-- DATA SHOWN follows --

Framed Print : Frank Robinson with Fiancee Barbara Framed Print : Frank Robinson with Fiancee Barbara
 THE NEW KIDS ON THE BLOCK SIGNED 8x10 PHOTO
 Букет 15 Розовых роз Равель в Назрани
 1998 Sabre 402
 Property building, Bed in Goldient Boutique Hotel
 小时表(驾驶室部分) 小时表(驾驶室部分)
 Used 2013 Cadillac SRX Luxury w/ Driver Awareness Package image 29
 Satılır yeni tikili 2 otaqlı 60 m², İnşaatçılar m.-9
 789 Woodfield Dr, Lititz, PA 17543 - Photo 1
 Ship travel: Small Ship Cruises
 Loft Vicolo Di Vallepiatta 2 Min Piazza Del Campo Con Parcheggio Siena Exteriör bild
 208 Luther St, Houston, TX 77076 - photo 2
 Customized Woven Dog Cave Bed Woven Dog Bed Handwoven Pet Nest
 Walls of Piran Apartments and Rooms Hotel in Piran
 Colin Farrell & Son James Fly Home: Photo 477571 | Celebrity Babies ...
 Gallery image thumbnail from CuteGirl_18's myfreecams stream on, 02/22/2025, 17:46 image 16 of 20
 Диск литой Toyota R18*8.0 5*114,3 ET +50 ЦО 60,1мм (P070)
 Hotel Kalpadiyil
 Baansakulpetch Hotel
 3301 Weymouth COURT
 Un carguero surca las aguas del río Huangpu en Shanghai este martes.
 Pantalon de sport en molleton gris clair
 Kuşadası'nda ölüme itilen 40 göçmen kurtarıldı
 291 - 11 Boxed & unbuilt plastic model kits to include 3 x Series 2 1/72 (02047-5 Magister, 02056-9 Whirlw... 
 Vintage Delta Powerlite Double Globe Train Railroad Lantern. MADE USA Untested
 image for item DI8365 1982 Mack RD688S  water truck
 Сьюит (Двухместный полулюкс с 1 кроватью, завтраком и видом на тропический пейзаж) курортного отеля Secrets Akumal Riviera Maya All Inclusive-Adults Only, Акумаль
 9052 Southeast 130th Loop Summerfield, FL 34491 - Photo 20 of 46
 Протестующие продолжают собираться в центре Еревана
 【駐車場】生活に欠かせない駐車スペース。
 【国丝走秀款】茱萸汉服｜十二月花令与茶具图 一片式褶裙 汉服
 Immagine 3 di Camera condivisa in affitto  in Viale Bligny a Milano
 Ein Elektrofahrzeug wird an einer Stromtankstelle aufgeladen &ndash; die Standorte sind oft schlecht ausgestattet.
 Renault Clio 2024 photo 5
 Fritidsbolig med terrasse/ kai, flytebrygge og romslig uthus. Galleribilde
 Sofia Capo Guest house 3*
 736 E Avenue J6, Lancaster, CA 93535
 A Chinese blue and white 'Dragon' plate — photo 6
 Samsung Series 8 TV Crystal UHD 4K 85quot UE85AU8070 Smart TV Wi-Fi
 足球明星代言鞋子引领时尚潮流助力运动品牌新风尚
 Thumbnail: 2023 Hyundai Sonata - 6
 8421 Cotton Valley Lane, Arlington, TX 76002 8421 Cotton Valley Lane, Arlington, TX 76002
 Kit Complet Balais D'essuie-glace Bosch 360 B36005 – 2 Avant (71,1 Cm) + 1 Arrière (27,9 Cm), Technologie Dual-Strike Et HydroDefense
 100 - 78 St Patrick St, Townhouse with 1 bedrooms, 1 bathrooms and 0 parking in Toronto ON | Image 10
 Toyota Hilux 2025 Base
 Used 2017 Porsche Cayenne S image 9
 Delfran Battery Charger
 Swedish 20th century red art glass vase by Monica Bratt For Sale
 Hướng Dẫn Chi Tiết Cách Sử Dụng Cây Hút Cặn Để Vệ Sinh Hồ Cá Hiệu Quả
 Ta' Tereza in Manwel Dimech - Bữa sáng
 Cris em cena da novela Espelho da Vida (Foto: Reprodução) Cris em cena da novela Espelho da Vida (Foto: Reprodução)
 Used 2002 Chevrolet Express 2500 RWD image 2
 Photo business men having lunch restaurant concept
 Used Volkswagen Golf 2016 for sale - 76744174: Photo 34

-- DATA SHOWN concluded --

Could the entries above be output once more, exactly as they are?

> **FINAL ANSWER**
Framed Print : Frank Robinson with Fiancee Barbara Framed Print : Frank Robinson with Fiancee Barbara
 THE NEW KIDS ON THE BLOCK SIGNED 8x10 PHOTO
 Букет 15 Розовых роз Равель в Назрани
 1998 Sabre 402
 Property building, Bed in Goldient Boutique Hotel
 小时表(驾驶室部分) 小时表(驾驶室部分)
 Used 2013 Cadillac SRX Luxury w/ Driver Awareness Package image 29
 Satılır yeni tikili 2 otaqlı 60 m², İnşaatçılar m.-9
 789 Woodfield Dr, Lititz, PA 17543 - Photo 1
 Ship travel: Small Ship Cruises
 Loft Vicolo Di Vallepiatta 2 Min Piazza Del Campo Con Parcheggio Siena Exteriör bild
 208 Luther St, Houston, TX 77076 - photo 2
 Customized Woven Dog Cave Bed Woven Dog Bed Handwoven Pet Nest
 Walls of Piran Apartments and Rooms Hotel in Piran
 Colin Farrell & Son James Fly Home: Photo 477571 | Celebrity Babies ...
 Gallery image thumbnail from CuteGirl_18's myfreecams stream on, 02/22/2025, 17:46 image 16 of 20
 Диск литой Toyota R18*8.0 5*114,3 ET +50 ЦО 60,1мм (P070)
 Hotel Kalpadiyil
 Baansakulpetch Hotel
 3301 Weymouth COURT
 Un carguero surca las aguas del río Huangpu en Shanghai este martes.
 Pantalon de sport en molleton gris clair
 Kuşadası'nda ölüme itilen 40 göçmen kurtarıldı
 291 - 11 Boxed & unbuilt plastic model kits to include 3 x Series 2 1/72 (02047-5 Magister, 02056-9 Whirlw... 
 Vintage Delta Powerlite Double Globe Train Railroad Lantern. MADE USA Untested
 image for item DI8365 1982 Mack RD688S  water truck
 Сьюит (Двухместный полулюкс с 1 кроватью, завтраком и видом на тропический пейзаж) курортного отеля Secrets Akumal Riviera Maya All Inclusive-Adults Only, Акумаль
 9052 Southeast 130th Loop Summerfield, FL 34491 - Photo 20 of 46
 Протестующие продолжают собираться в центре Еревана
 【駐車場】生活に欠かせない駐車スペース。
 【国丝走秀款】茱萸汉服｜十二月花令与茶具图 一片式褶裙 汉服
 Immagine 3 di Camera condivisa in affitto  in Viale Bligny a Milano
 Ein Elektrofahrzeug wird an einer Stromtankstelle aufgeladen &ndash; die Standorte sind oft schlecht ausgestattet.
 Renault Clio 2024 photo 5
 Fritidsbolig med terrasse/ kai, flytebrygge og romslig uthus. Galleribilde
 Sofia Capo Guest house 3*
 736 E Avenue J6, Lancaster, CA 93535
 A Chinese blue and white 'Dragon' plate — photo 6
 Samsung Series 8 TV Crystal UHD 4K 85quot UE85AU8070 Smart TV Wi-Fi
 足球明星代言鞋子引领时尚潮流助力运动品牌新风尚
 Thumbnail: 2023 Hyundai Sonata - 6
 8421 Cotton Valley Lane, Arlington, TX 76002 8421 Cotton Valley Lane, Arlington, TX 76002
 Kit Complet Balais D'essuie-glace Bosch 360 B36005 – 2 Avant (71,1 Cm) + 1 Arrière (27,9 Cm), Technologie Dual-Strike Et HydroDefense
 100 - 78 St Patrick St, Townhouse with 1 bedrooms, 1 bathrooms and 0 parking in Toronto ON | Image 10
 Toyota Hilux 2025 Base
 Used 2017 Porsche Cayenne S image 9
 Delfran Battery Charger
 Swedish 20th century red art glass vase by Monica Bratt For Sale
 Hướng Dẫn Chi Tiết Cách Sử Dụng Cây Hút Cặn Để Vệ Sinh Hồ Cá Hiệu Quả
 Ta' Tereza in Manwel Dimech - Bữa sáng
 Cris em cena da novela Espelho da Vida (Foto: Reprodução) Cris em cena da novela Espelho da Vida (Foto: Reprodução)
 Used 2002 Chevrolet Express 2500 RWD image 2
 Photo business men having lunch restaurant concept
 Used Volkswagen Golf 2016 for sale - 76744174: Photo 34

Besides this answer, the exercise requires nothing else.